● INPUT FOR THIS TASK:
____

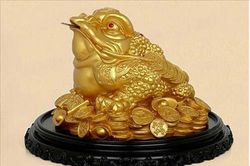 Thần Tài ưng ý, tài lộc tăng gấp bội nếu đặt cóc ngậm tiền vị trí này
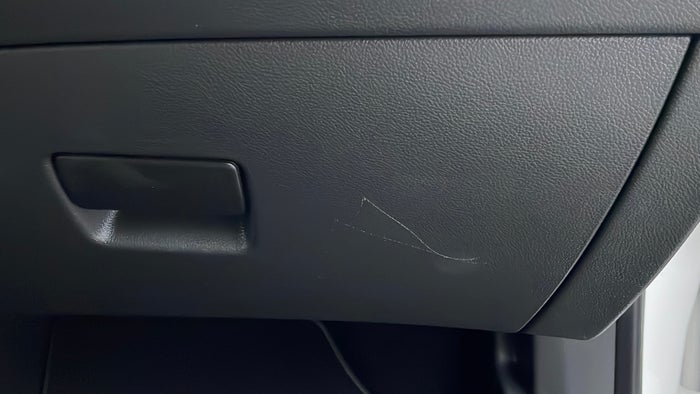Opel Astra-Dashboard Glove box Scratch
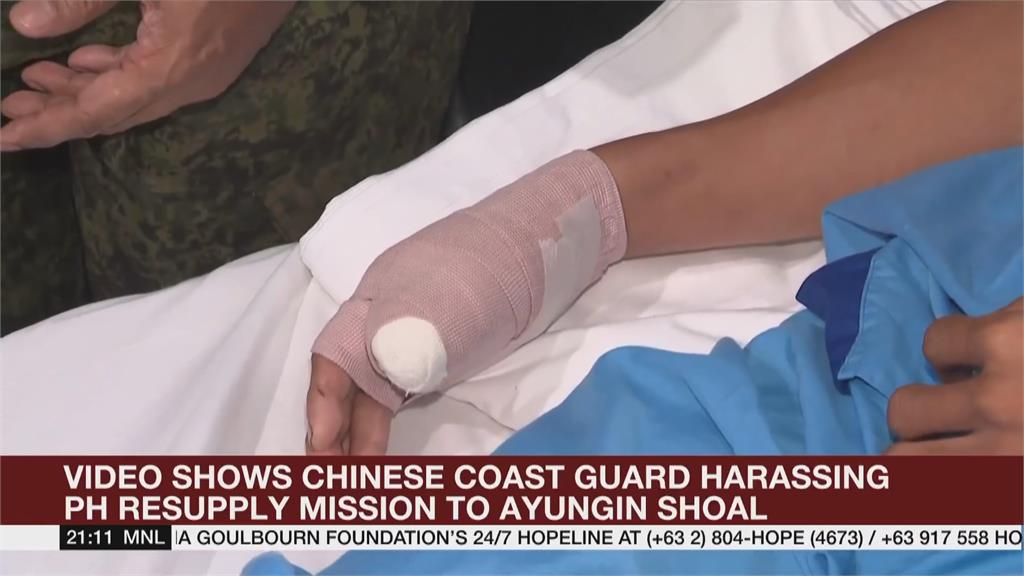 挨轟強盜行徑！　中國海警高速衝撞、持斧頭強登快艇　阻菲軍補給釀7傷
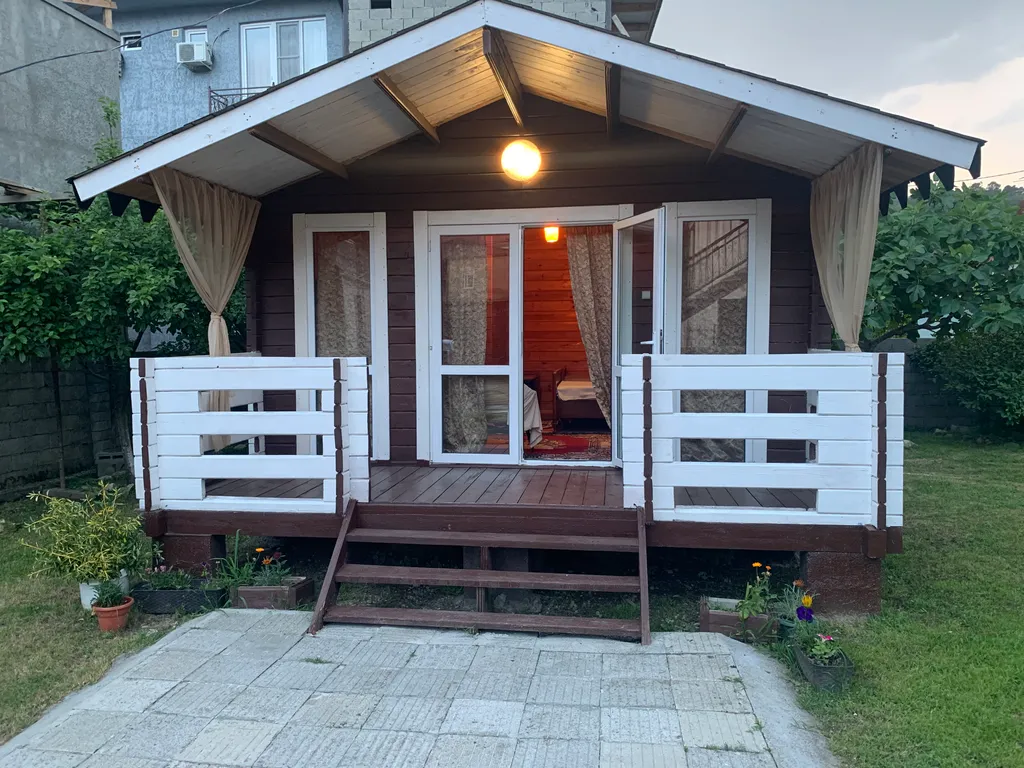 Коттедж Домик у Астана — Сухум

____

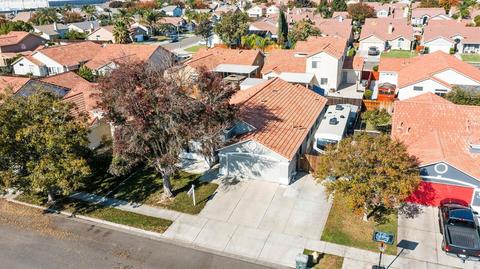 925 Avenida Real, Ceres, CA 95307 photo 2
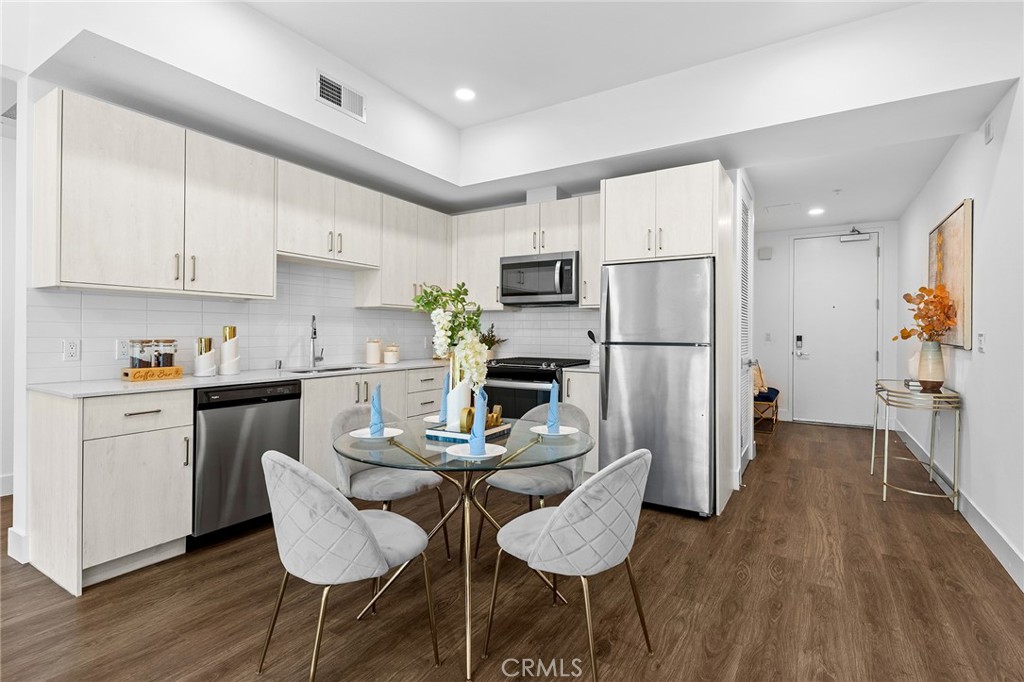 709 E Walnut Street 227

____

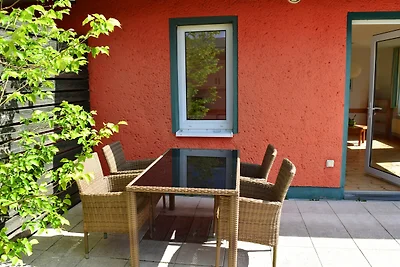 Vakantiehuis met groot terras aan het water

____

● WHAT YOU NEED TO DO:
Starting at the line with "Opel Astra-Dashboard Glove box Scratch" in the entries above, write out every line exactly until the line with "Коттедж Домик у Астана — Сухум" has been written. Include no pictures and nothing more.

● THE ANSWER:
Opel Astra-Dashboard Glove box Scratch
 挨轟強盜行徑！　中國海警高速衝撞、持斧頭強登快艇　阻菲軍補給釀7傷
 Коттедж Домик у Астана — Сухум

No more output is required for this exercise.